Nach Protesten von Nationalisten soll der kroatische General Norac nicht in Den Haag angeklagt werden

DEN HAAG/ZAGREB dpa ■ Der kroatische Armeegeneral Mirko Norac soll in seinem eigenen Land und nicht in Den Haag wegen Kriegsverbrechen zur Rechenschaft gezogen werden. Das UN- Kriegsverbrechertribunal wolle kein Verfahren gegen Norac einleiten, teilte Chefanklägerin Carla Del Ponte am Mittwoch in Den Haag mit. Sie reagierte auf Berichte, wonach die Regierung in Zagreb Norac wegen angeblicher Kriegsverbrechen anklagen will.

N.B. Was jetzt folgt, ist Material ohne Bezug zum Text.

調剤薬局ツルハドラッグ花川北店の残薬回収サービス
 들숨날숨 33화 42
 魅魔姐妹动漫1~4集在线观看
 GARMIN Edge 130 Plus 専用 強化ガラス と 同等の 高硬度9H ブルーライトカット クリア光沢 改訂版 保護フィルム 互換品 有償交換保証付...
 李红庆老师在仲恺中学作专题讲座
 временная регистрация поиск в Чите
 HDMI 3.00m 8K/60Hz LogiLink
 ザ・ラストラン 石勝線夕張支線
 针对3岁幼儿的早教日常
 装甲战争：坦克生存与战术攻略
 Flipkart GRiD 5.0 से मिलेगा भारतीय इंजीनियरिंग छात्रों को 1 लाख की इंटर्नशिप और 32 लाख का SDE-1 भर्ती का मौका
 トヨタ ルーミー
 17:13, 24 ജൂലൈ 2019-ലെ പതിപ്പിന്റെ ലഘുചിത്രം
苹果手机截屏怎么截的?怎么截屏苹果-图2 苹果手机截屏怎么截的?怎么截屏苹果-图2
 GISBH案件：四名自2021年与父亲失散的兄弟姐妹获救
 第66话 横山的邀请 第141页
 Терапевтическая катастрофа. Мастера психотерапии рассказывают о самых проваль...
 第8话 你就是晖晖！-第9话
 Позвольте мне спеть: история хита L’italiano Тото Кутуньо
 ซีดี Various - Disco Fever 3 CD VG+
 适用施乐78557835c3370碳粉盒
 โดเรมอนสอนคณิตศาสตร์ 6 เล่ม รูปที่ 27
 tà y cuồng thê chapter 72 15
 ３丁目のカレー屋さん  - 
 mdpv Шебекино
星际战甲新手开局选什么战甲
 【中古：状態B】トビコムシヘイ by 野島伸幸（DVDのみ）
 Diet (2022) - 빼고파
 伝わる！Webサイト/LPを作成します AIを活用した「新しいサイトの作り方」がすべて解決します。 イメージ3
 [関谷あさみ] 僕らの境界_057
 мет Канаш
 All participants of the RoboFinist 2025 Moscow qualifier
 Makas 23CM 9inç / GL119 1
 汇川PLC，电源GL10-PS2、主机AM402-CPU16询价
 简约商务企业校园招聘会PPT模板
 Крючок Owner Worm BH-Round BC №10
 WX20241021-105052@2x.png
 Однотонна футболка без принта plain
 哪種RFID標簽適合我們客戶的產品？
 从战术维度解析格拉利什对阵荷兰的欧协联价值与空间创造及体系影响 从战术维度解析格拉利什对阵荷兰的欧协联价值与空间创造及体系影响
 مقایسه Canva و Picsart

Der General soll 1991 bei einem Massaker in der Stadt Gospić serbische Zivilisten ermordet haben.

Unterdessen meldete sich der flüchtige Norac aus einem Versteck telefonisch beim kroatischen Ministerpräsidenten Ivica Račan. Der Offizier werde sich wohl bald stellen, sagte der Regierungschef am Mittwoch in Zagreb. Račan erklärte, es habe in den vergangenen beiden Wochen intensive Gespräche mit dem UN-Tribunal gegeben, um Norac vor einem kroatischen Gericht den Prozess zu machen. Mehr als 100.000 Menschen – vor allem Kriegsveteranen – hatten wegen des Verfahrens gegen Norac wütend protestiert.

„Wir haben keine Anklage gegen Norac erhoben“, betonte die Sprecherin von Del Ponte. Deshalb entschied die Anklägerin, in diesem Fall auf Verfolgung zu verzichten und das Verfahren den nationalen Behörden zu überlassen.

Der Verzicht auf Verfolgung eines mutmaßlichen Kriegsverbrechers sei keinesfalls als Präzedenzfall etwa im Hinblick auf den früheren jugoslawischen Präsidenten Slobodan Milošević anzusehen, ergänzte die Sprecherin. Gegen Milošević habe das Tribunal schon lange Anklage erhoben. In seinem Fall poche das von der UNO eingesetzte Gericht in Den Haag auf sein Vorrecht zur Anklage und Verhandlung. In Belgrad haben führende Politiker bisher die geforderte Auslieferung des Expräsidenten nach Den Haag abgelehnt.